Opening the "black box" of deep learning in automated screening of eye diseases

C. González-Gonzalo, B. Liefers, A. Vaidyanathan, H. van Zeeland, C. Klaver and C. Sánchez

Association for Research in Vision and Ophthalmology 2019.

Purpose: Systems based on deep learning (DL) have demonstrated to provide a scalable and high-performance solution for screening of eye diseases. However, DL is usually considered a "black box? due to lack of interpretability. We propose a deep visualization framework to explain the decisions made by a DL system, iteratively unveiling abnormalities responsible for referable predictions without needing lesion-level annotations. We apply the framework to automated screening of diabetic retinopathy (DR) in color fundus images (CFIs).

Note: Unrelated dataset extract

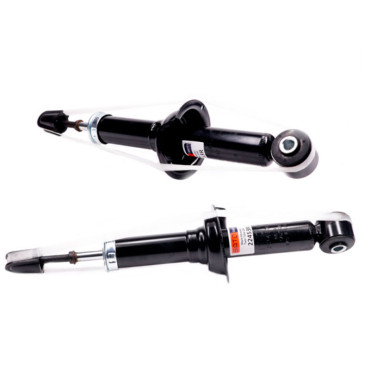 Амортизатор SATO TECH 22453r
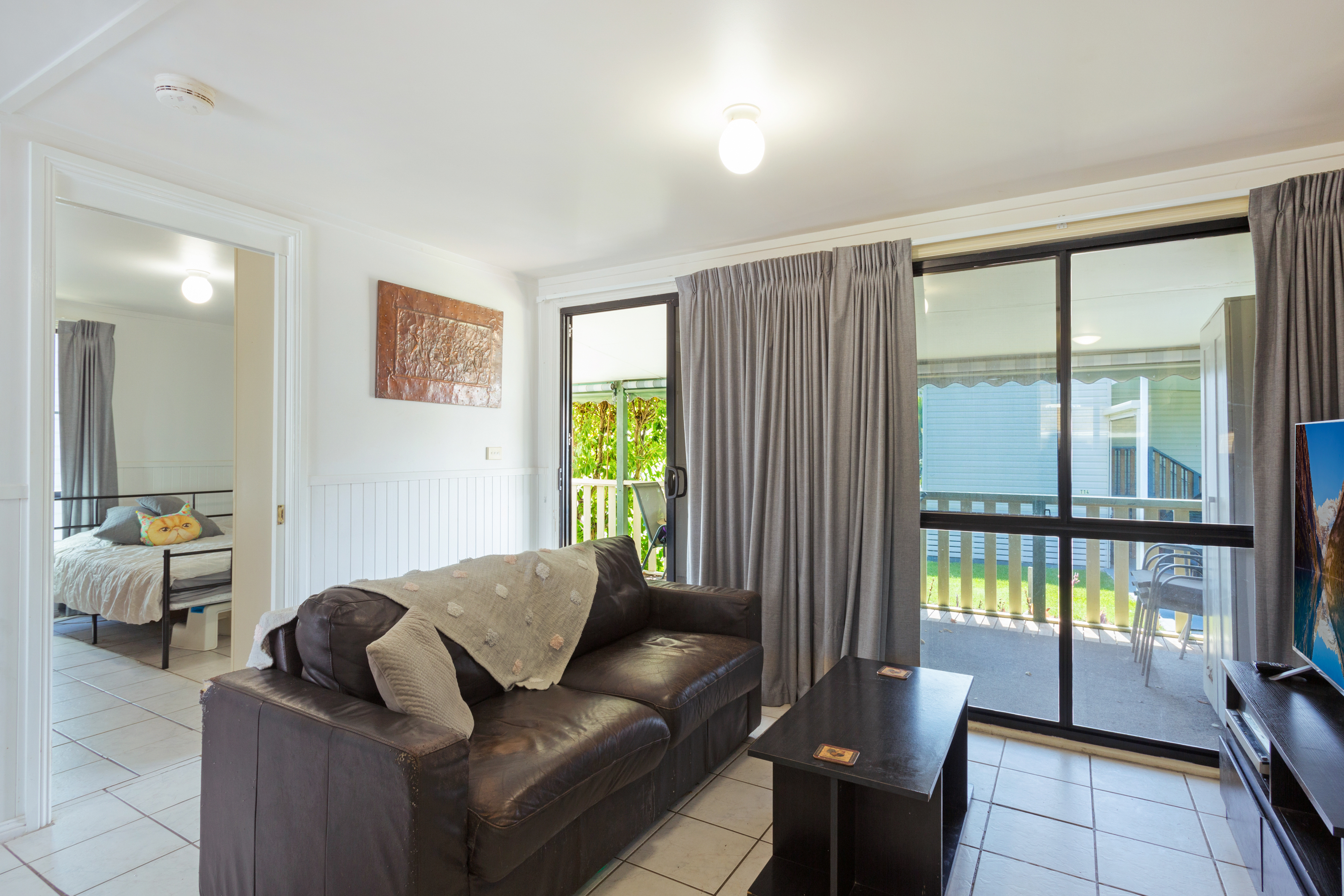 S8 / 48-58 Princes Highway, Narooma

Methods: The proposed framework consists of a baseline deep convolutional neural network to classify CFIs by DR stage. For each CFI classified as referable DR, the framework extracts initial visual evidence of the predicted stage by computing a saliency map, which indicates regions in the image that would contribute the most to changes in the prediction if modified. This provides localization of abnormalities that are then removed through selective inpainting. The image is again classified, expecting reduced referability. We iteratively apply this procedure to increase attention to less discriminative areas and generate refined visual evidence. The Kaggle DR database, with CFIs graded regarding DR severity (stages 0 and 1: non-referable DR, stages 2 to 4: referable DR), is used for training and validation of the image-level classification task. For validation of the obtained visual evidence, we used the DiaretDB1 dataset, which contains CFIs with manually-delineated areas for 4 types of lesions: hemorrhages, microaneurysms, hard and soft exudates.

Results: The baseline classifier obtained an area under the Receiver Operating Characteristic (ROC) curve of 0.93 and a quadratic weighted kappa of 0.77 on the Kaggle test set (53576 CFIs). Free-response ROC (FROC) curves (Figure 2) analyze the correspondence between highlighted areas and each type of lesion for those images classified as referable DR in the DiaretDB1 dataset (62 CFIs), comparing between initial and refined visual evidence.

Conclusions : The proposed framework provides visual evidence for the decisions made by a DL system, iteratively unveiling abnormalities in CFIs based on the prediction of a classifier trained only with image-level labels. This provides a "key? to open the "black box? of artificial intelligence in screening of eye diseases, aiming to increase experts' trust and facilitate its integration in screening settings.